*Assigned task:* Your job is to write out each record precisely as it stands.

(Short web captions)
|---|

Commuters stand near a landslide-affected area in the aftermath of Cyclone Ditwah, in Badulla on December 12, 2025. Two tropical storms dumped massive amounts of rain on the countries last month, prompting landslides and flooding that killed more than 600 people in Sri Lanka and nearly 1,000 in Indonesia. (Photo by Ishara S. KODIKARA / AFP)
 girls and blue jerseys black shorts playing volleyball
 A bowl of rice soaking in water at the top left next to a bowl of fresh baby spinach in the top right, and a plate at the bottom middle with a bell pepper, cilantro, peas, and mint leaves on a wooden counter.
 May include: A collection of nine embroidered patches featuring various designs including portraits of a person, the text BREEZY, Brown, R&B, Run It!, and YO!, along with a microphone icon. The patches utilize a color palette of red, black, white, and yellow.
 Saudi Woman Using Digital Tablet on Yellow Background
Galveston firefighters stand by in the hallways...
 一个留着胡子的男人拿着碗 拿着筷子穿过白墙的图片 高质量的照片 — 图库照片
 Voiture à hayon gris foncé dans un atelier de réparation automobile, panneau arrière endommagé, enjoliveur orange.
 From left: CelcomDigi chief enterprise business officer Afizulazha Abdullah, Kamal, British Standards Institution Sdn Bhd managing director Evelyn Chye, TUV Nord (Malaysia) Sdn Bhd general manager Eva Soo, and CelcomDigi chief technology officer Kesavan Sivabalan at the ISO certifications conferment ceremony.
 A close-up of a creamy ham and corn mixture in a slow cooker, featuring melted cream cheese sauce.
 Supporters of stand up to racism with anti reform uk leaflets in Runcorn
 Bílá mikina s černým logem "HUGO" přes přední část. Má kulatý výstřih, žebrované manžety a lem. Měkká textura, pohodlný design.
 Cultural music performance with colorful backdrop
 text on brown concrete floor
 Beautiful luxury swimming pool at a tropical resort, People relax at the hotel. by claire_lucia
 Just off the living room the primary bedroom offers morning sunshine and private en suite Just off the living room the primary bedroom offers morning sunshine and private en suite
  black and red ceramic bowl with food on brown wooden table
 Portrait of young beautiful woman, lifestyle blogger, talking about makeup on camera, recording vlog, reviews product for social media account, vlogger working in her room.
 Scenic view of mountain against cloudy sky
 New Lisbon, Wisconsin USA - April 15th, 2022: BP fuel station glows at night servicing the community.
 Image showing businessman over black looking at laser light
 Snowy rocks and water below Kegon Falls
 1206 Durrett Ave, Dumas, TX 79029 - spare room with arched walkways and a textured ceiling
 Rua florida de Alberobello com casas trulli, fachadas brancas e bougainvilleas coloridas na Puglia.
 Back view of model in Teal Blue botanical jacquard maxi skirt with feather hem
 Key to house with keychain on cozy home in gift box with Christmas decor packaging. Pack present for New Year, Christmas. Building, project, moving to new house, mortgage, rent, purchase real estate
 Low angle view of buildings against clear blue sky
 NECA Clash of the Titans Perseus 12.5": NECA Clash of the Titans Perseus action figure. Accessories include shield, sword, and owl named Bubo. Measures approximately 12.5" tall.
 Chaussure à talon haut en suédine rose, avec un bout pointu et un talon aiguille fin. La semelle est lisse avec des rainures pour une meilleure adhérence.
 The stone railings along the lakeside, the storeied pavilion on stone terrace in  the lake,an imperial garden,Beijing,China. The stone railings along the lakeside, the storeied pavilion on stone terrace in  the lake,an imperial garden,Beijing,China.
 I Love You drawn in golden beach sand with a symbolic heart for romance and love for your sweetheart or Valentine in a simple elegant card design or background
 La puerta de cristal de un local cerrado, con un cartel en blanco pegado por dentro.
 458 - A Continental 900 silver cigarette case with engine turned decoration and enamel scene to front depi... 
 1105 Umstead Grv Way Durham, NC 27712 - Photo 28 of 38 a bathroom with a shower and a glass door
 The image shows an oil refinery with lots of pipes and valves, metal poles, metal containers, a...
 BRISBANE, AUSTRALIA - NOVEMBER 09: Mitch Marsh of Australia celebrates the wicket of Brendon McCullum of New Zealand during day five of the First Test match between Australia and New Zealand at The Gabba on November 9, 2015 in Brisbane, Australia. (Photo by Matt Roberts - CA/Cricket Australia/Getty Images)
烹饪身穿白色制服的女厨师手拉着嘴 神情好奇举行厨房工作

|---|

*Reply to the exercise:*
Commuters stand near a landslide-affected area in the aftermath of Cyclone Ditwah, in Badulla on December 12, 2025. Two tropical storms dumped massive amounts of rain on the countries last month, prompting landslides and flooding that killed more than 600 people in Sri Lanka and nearly 1,000 in Indonesia. (Photo by Ishara S. KODIKARA / AFP)
 girls and blue jerseys black shorts playing volleyball
 A bowl of rice soaking in water at the top left next to a bowl of fresh baby spinach in the top right, and a plate at the bottom middle with a bell pepper, cilantro, peas, and mint leaves on a wooden counter.
 May include: A collection of nine embroidered patches featuring various designs including portraits of a person, the text BREEZY, Brown, R&B, Run It!, and YO!, along with a microphone icon. The patches utilize a color palette of red, black, white, and yellow.
 Saudi Woman Using Digital Tablet on Yellow Background
Galveston firefighters stand by in the hallways...
 一个留着胡子的男人拿着碗 拿着筷子穿过白墙的图片 高质量的照片 — 图库照片
 Voiture à hayon gris foncé dans un atelier de réparation automobile, panneau arrière endommagé, enjoliveur orange.
 From left: CelcomDigi chief enterprise business officer Afizulazha Abdullah, Kamal, British Standards Institution Sdn Bhd managing director Evelyn Chye, TUV Nord (Malaysia) Sdn Bhd general manager Eva Soo, and CelcomDigi chief technology officer Kesavan Sivabalan at the ISO certifications conferment ceremony.
 A close-up of a creamy ham and corn mixture in a slow cooker, featuring melted cream cheese sauce.
 Supporters of stand up to racism with anti reform uk leaflets in Runcorn
 Bílá mikina s černým logem "HUGO" přes přední část. Má kulatý výstřih, žebrované manžety a lem. Měkká textura, pohodlný design.
 Cultural music performance with colorful backdrop
 text on brown concrete floor
 Beautiful luxury swimming pool at a tropical resort, People relax at the hotel. by claire_lucia
 Just off the living room the primary bedroom offers morning sunshine and private en suite Just off the living room the primary bedroom offers morning sunshine and private en suite
  black and red ceramic bowl with food on brown wooden table
 Portrait of young beautiful woman, lifestyle blogger, talking about makeup on camera, recording vlog, reviews product for social media account, vlogger working in her room.
 Scenic view of mountain against cloudy sky
 New Lisbon, Wisconsin USA - April 15th, 2022: BP fuel station glows at night servicing the community.
 Image showing businessman over black looking at laser light
 Snowy rocks and water below Kegon Falls
 1206 Durrett Ave, Dumas, TX 79029 - spare room with arched walkways and a textured ceiling
 Rua florida de Alberobello com casas trulli, fachadas brancas e bougainvilleas coloridas na Puglia.
 Back view of model in Teal Blue botanical jacquard maxi skirt with feather hem
 Key to house with keychain on cozy home in gift box with Christmas decor packaging. Pack present for New Year, Christmas. Building, project, moving to new house, mortgage, rent, purchase real estate
 Low angle view of buildings against clear blue sky
 NECA Clash of the Titans Perseus 12.5": NECA Clash of the Titans Perseus action figure. Accessories include shield, sword, and owl named Bubo. Measures approximately 12.5" tall.
 Chaussure à talon haut en suédine rose, avec un bout pointu et un talon aiguille fin. La semelle est lisse avec des rainures pour une meilleure adhérence.
 The stone railings along the lakeside, the storeied pavilion on stone terrace in  the lake,an imperial garden,Beijing,China. The stone railings along the lakeside, the storeied pavilion on stone terrace in  the lake,an imperial garden,Beijing,China.
 I Love You drawn in golden beach sand with a symbolic heart for romance and love for your sweetheart or Valentine in a simple elegant card design or background
 La puerta de cristal de un local cerrado, con un cartel en blanco pegado por dentro.
 458 - A Continental 900 silver cigarette case with engine turned decoration and enamel scene to front depi... 
 1105 Umstead Grv Way Durham, NC 27712 - Photo 28 of 38 a bathroom with a shower and a glass door
 The image shows an oil refinery with lots of pipes and valves, metal poles, metal containers, a...
 BRISBANE, AUSTRALIA - NOVEMBER 09: Mitch Marsh of Australia celebrates the wicket of Brendon McCullum of New Zealand during day five of the First Test match between Australia and New Zealand at The Gabba on November 9, 2015 in Brisbane, Australia. (Photo by Matt Roberts - CA/Cricket Australia/Getty Images)
烹饪身穿白色制服的女厨师手拉着嘴 神情好奇举行厨房工作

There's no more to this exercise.